It's a move that returns them to the sweeping, anthemic rock of War, but if War was an exploding political bomb, The Joshua Tree is a journey through its aftermath, trying to find sense and hope in the desperation. That means that even the anthems — the epic opener "Where the Streets Have No Name," the yearning "I Still Haven't Found What I'm Looking For" — have seeds of doubt within their soaring choruses, and those fears take root throughout the album, whether it's in the mournful sliding acoustic guitars of "Running to Stand Still," the surging "One Tree Hill," or the hypnotic elegy "Mothers of the Disappeared."

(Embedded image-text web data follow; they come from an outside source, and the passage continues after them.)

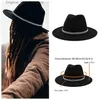 Wide Brim Hats Bucket Hats Mens and Womens Black Wide largeur Fedora Style britannique Trilby Party Officiel Panama Hat Denim Autumn Hiver Hat Wholesale Q240408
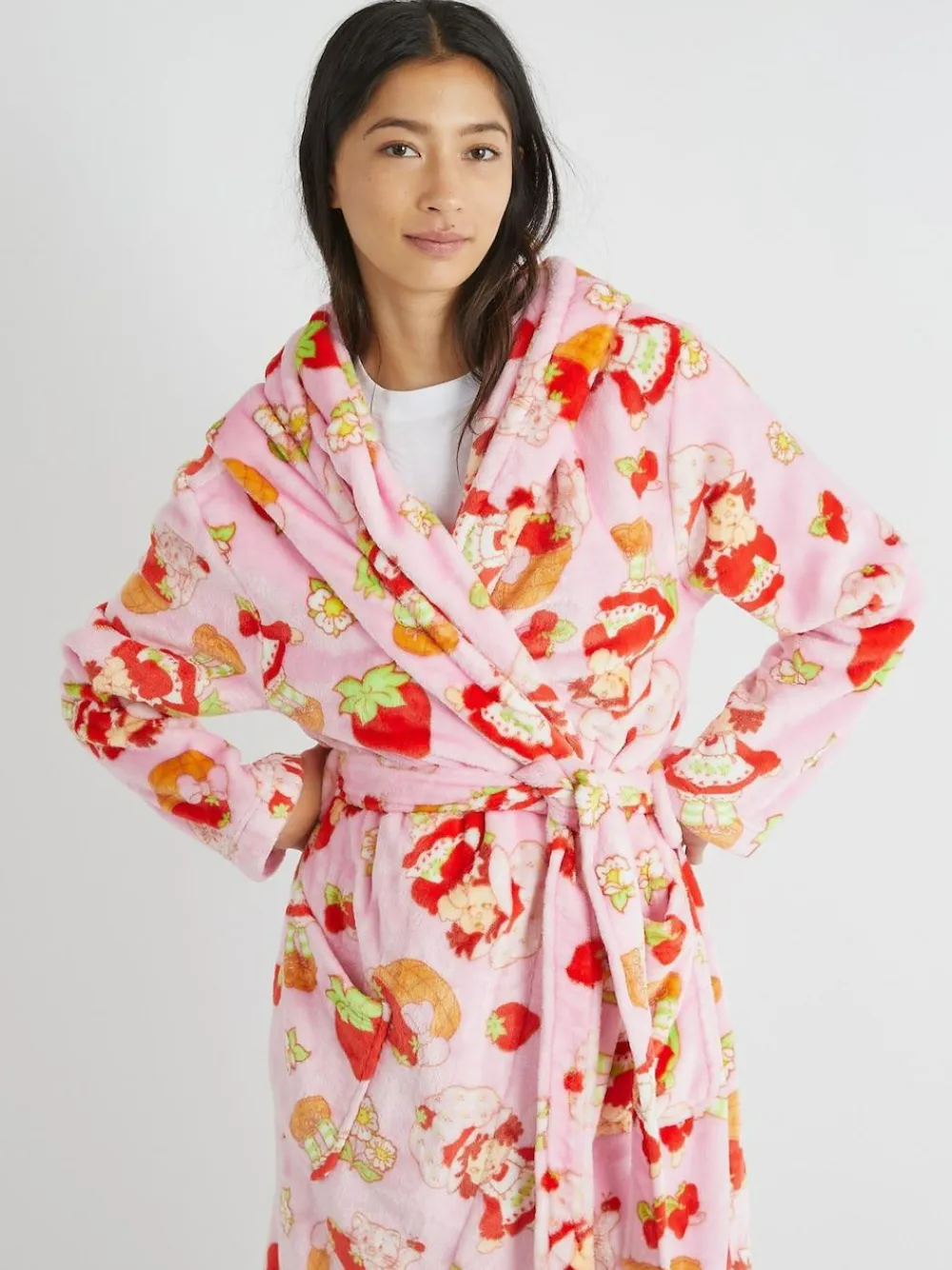 Skinnydip Pink Strawberry Shortcake x Pink Dressing Robe^Women Bathrobes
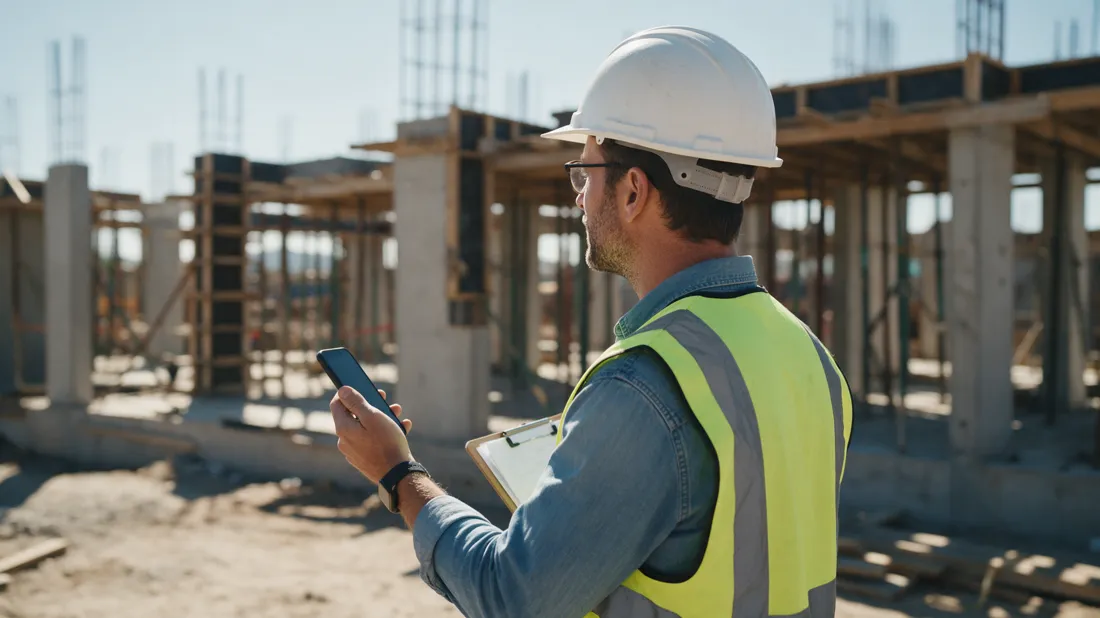 A site supervisor in a hard hat and high-visibility vest holds a phone and a paper clipboard, looking at a half-built concrete frame.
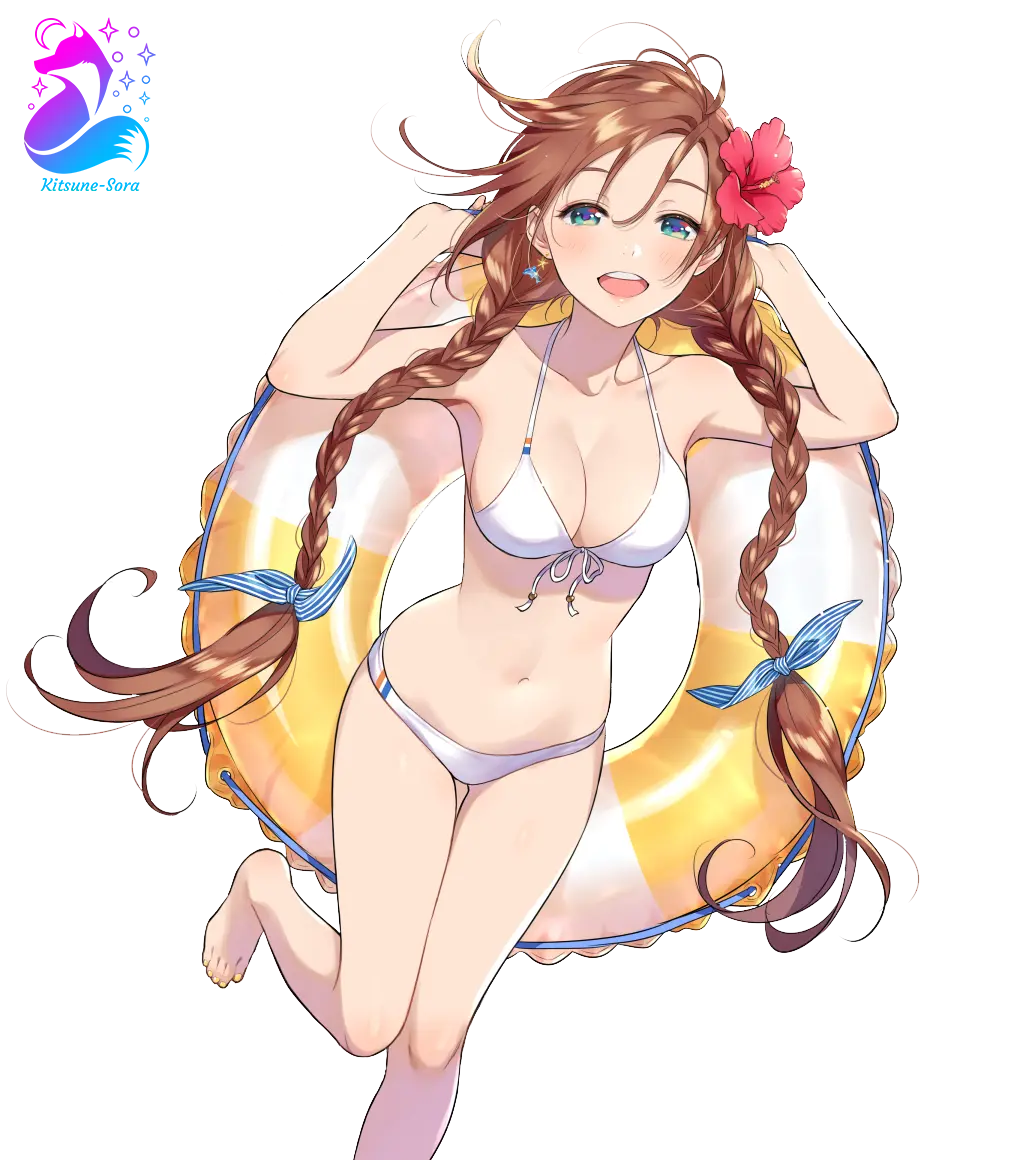 Gái anime tóc nâu dài mặc bikini trắng ngồi vui trên vòng phao bơi vàng Gái anime tóc nâu dài mặc bikini trắng ngồi vui trên vòng phao bơi vàng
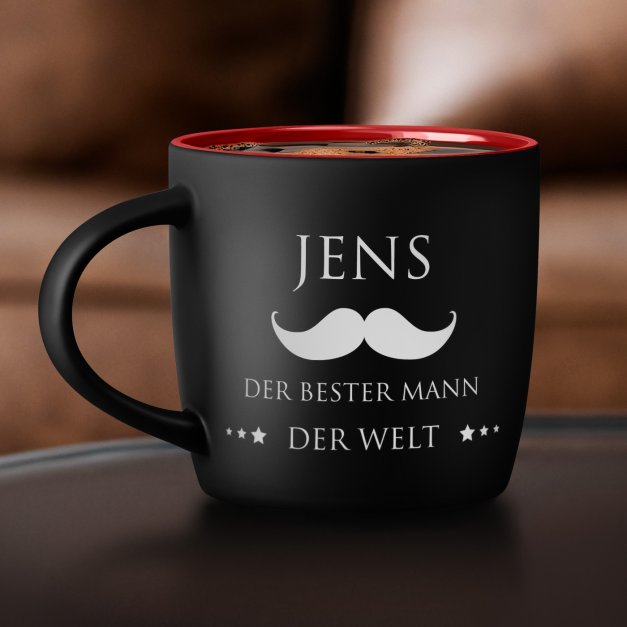Keramikbecher mit Gravur Schwarz/Matt und Rot für Ihren Freund zum Ehrentag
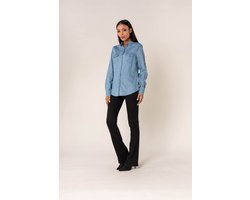 Nina Carter | Blouse | Blauw - Light Blue| Denim spijkerblouse | S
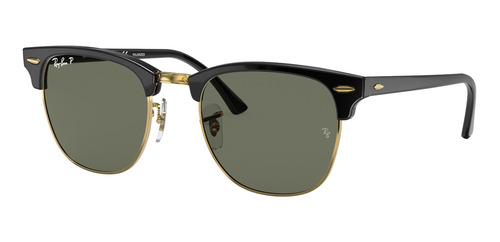 Anteojos de sol polarizados Ray-Ban Clubmaster Classic Standard con marco de acetato color polished black, lente green de cristal clásica, varilla polished black de acetato - RB3016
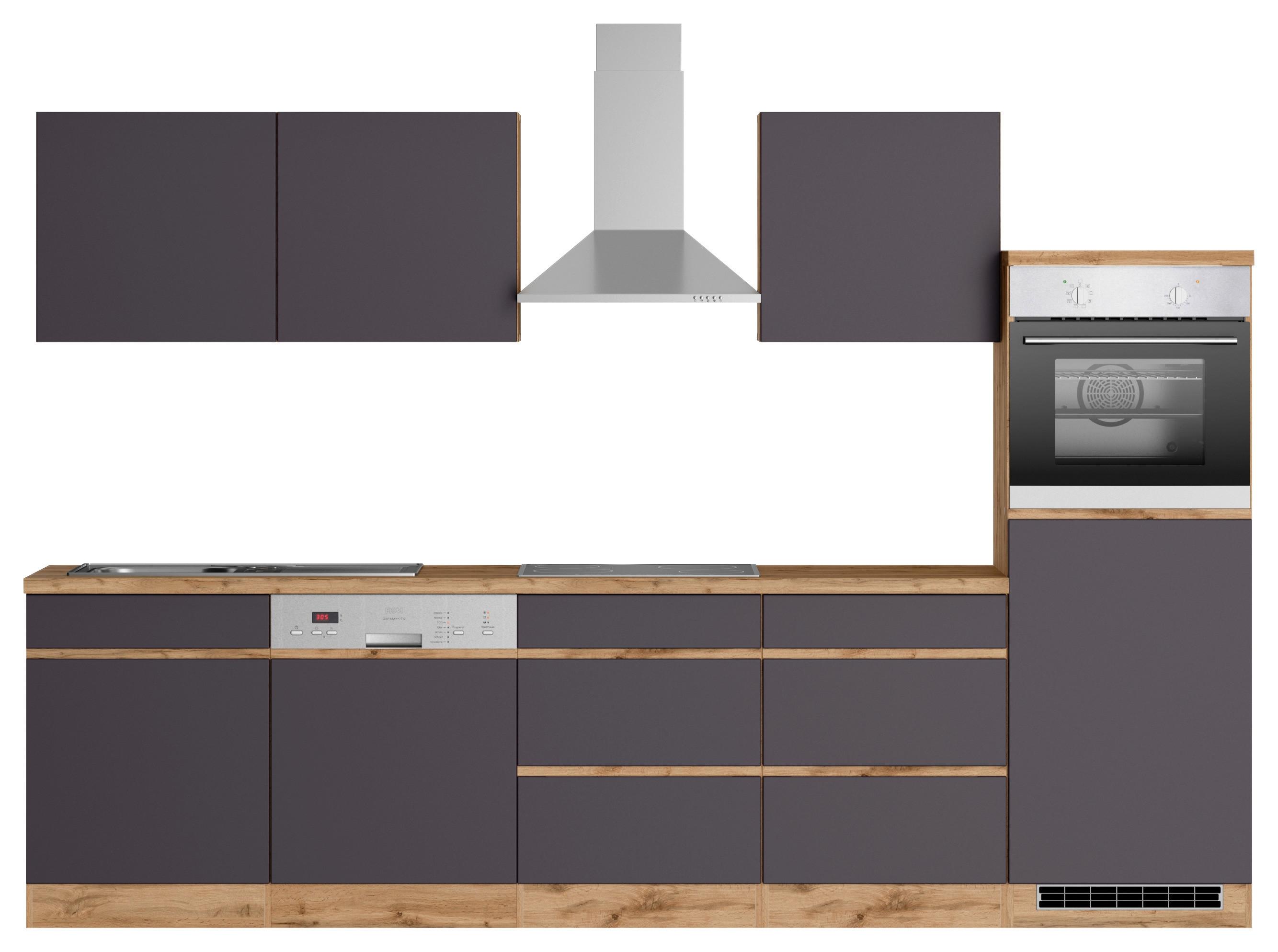Küchenzeile Turin mit Geräten B: 300cm Grau/Wotaneiche Dekor - Eiche Wotan/Grau, Design, Holzwerkstoff (300cm) - Held
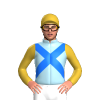 LIGHT BLUE,BLUE CROSSED SASH,GOLD SLEEVES,CAP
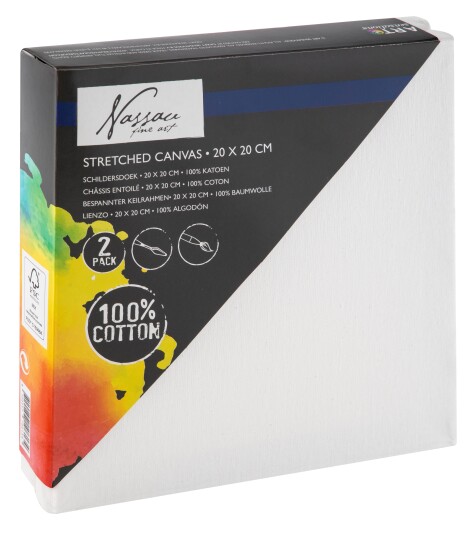 Nassau Fine Art lerret i bomull 2-pack 20x20 cm Nassau Fine Art lerret i bomull 2-pack 20x20 cm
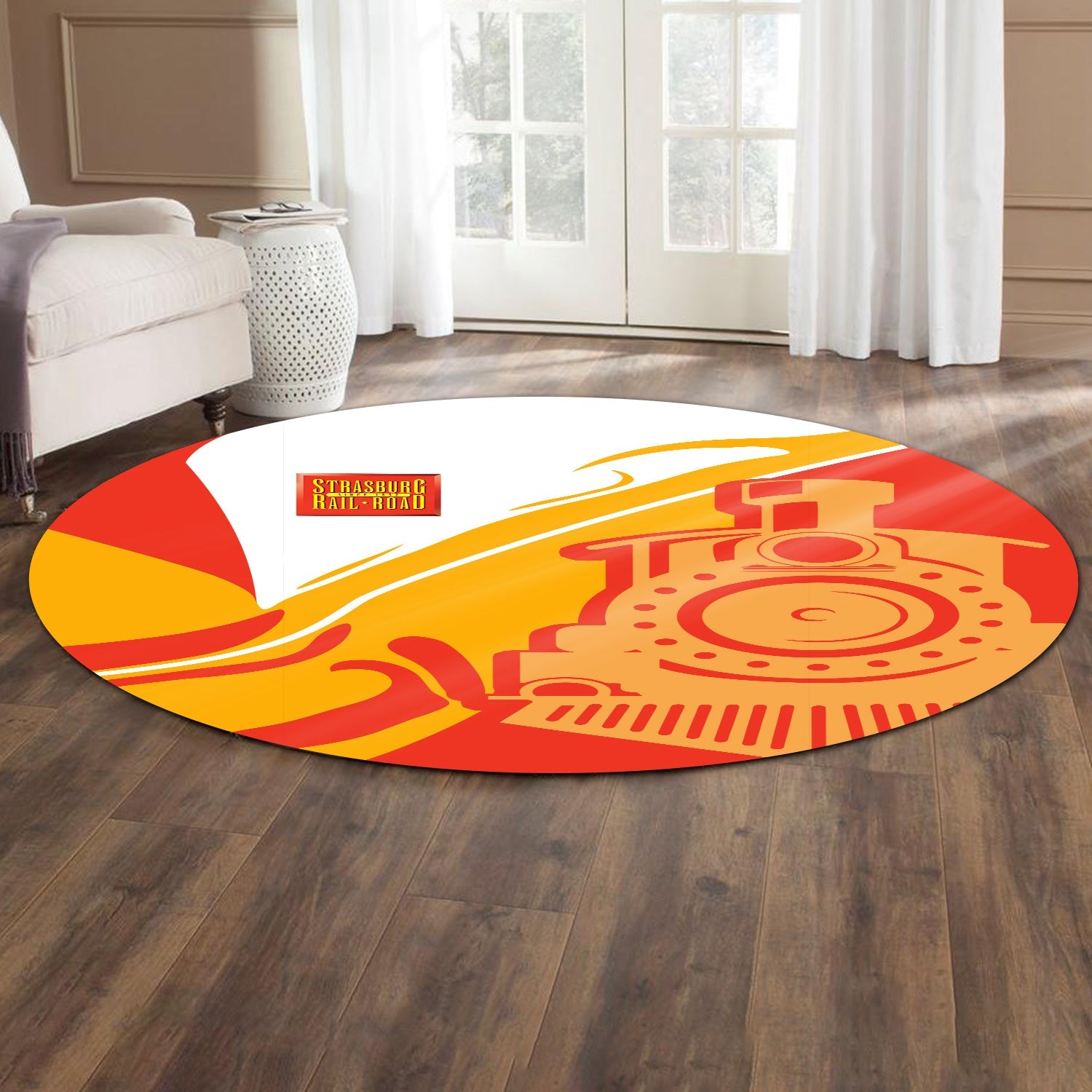 Railspirit Strasburg Railroad Round Mat Flame-Inspired Style Mat Gift Idea For Train Lovers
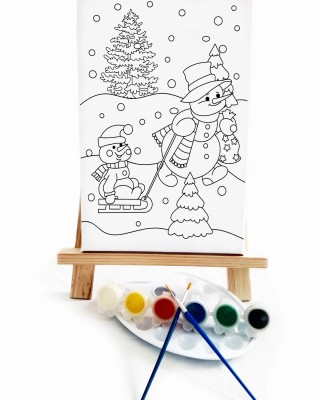 Kardan Adam Çocuk Ressam Seti - 20 x 30 cm Tuval, 2 Adet Fırça, Palet, Boyalar ve Şövale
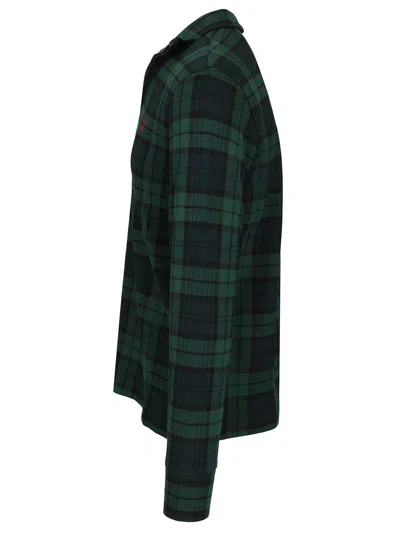 Ralph Lauren Half-zip Plaid-pattern Sweater In Green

So it might seem a little ironic that U2 became superstars on the back of such a dark record, but their focus has never been clearer, nor has their music been catchier, than on The Joshua Tree.

Unexpectedly, U2 have also tempered their textural post-punk with American influences.

Not only are Bono's lyrics obsessed with America, but country and blues influences are heard throughout the record, and instead of using these as roots, they're used as ways to add texture to the music. With the uniformly excellent songs — only the clumsy, heavy rock and portentous lyrics of "Bullet the Blue Sky" fall flat — the result is a powerful, uncompromising record that became a hit due to its vision and its melody.

Never before have U2's big messages sounded so direct and personal.

U2 - Achtung Baby (91)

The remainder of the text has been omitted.